Kemiskinan: Luka Lama Peradaban yang Tak Kunjung Pulih

  • Whatsapp
Ilustrasi Pelakita.ID

Anak-anak yang tak punya gawai tak bisa belajar; petani yang tak tahu aplikasi tak bisa menjual panen dengan harga layak. Mereka hidup di zaman modern, tapi tersingkir dari kemajuan.

PELAKITA.ID – Ada kesunyian yang tak terdefinisi dari lorong-lorong kota yang remang. Ada suara yang tertelan malam dari kampung-kampung yang ditinggalkan harapan.

Kemiskinan, sejak dulu, selalu menjadi bayang-bayang gelap dalam cahaya pembangunan.

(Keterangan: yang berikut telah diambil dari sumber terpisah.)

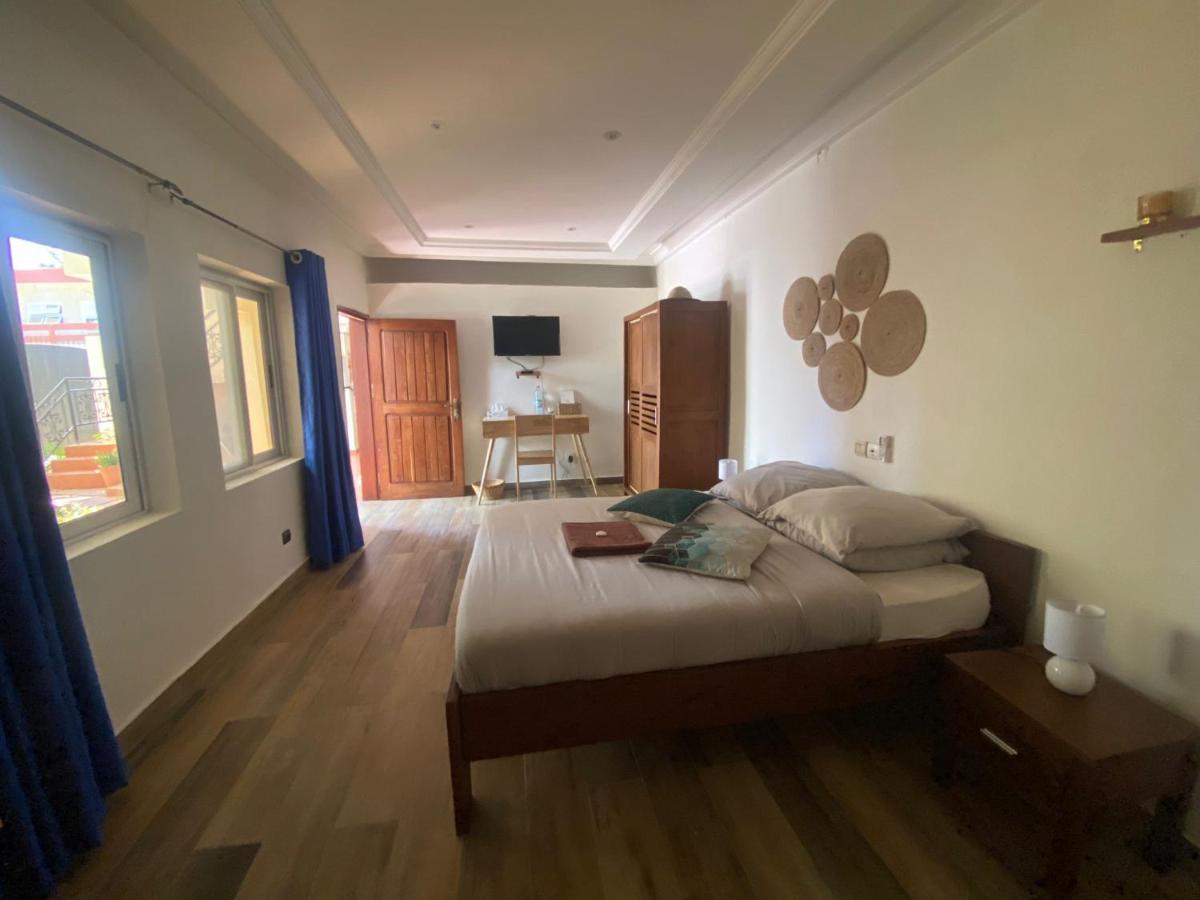 L'Oasis Guesthouse Котону Экстерьер фото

Ia hadir seperti kabut: tak selalu terlihat jelas, namun terasa menusuk di dada. Ia bukan sekadar kekurangan, melainkan keterasingan. Ia bukan hanya kelaparan, tetapi kehilangan hak untuk hidup layak sebagai manusia.

Angka-angka telah bicara, namun bahkan angka pun bisa menyimpan cerita yang berbeda. Bank Dunia, dengan cermin globalnya, melihat bahwa separuh rakyat Indonesia hidup dalam garis kemiskinan.

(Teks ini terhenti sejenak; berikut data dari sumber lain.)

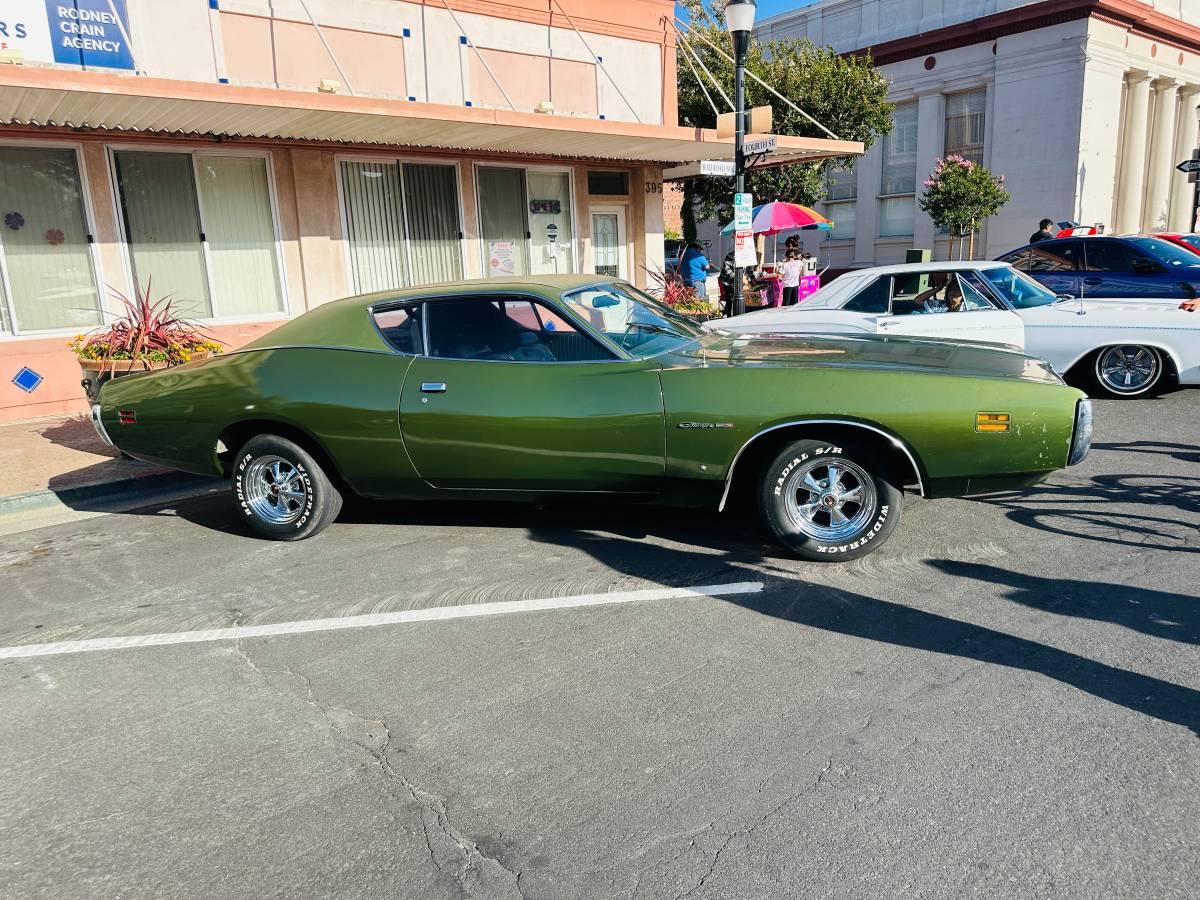 Dodge-charger-1971-green-5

Sementara Badan Pusat Statistik (BPS), dalam bingkai nasionalnya, mencatat bahwa hanya sekitar 9,36 persen atau 25,9 juta jiwa tergolong miskin. Dua kebenaran dalam dua lensa yang tak sama. Dua kisah tentang rakyat yang sama-sama rapuh, namun dihitung dengan timbangan yang berlainan.

Bank Dunia menetapkan garis kemiskinan pada standar internasional: USD 2,15 per hari (PPP). Sebaliknya, BPS meracik pendekatannya dari kebutuhan pokok harian dan konversi harga lokal.

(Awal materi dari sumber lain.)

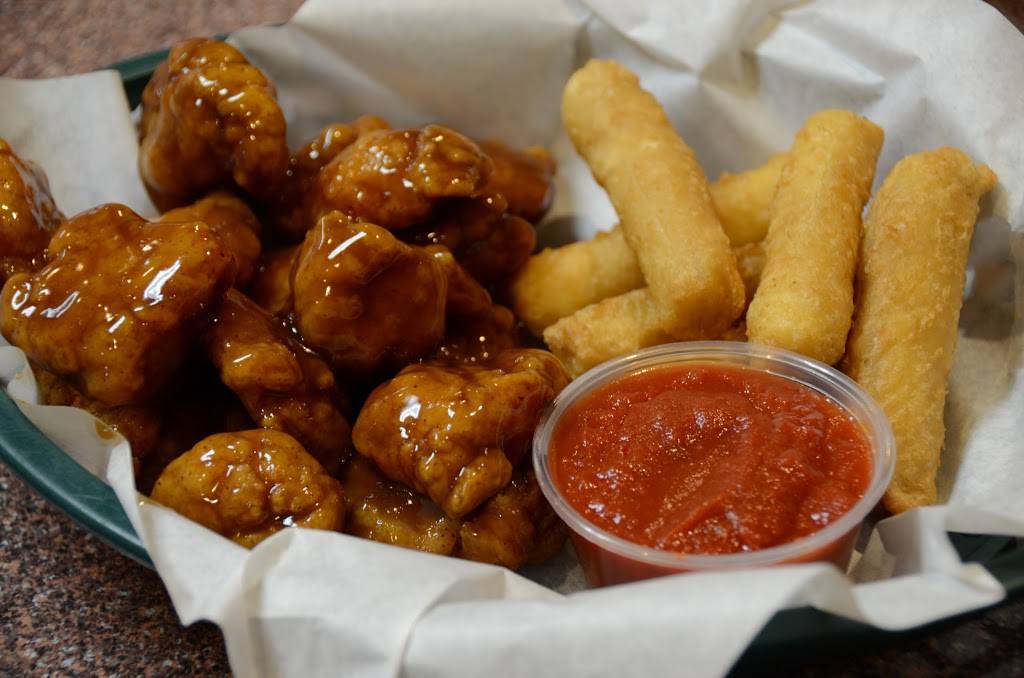 Ethels Pub & Grill | restaurant | 100 W Main St, Chilton, WI 53014, USA | 9208494949 OR +1 920-849-4949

Maka jangan heran jika seseorang dinyatakan tidak miskin oleh BPS, tetapi tetap tergolong miskin dalam pandangan dunia. Dan sejatinya, mereka tetap lapar, tetap hidup tanpa jaminan, tetap gelisah setiap malam menunggu esok tanpa kepastian.

Namun sesungguhnya, kemiskinan bukan sekadar perkara berapa rupiah dalam genggaman. Ia menyelinap dalam sistem yang timpang, dalam budaya yang pasrah, dalam alam yang murka, dan kini dalam dunia digital yang tak semua bisa akses. Inilah kemiskinan yang berlapis: struktural, kultural, natural, dan digital.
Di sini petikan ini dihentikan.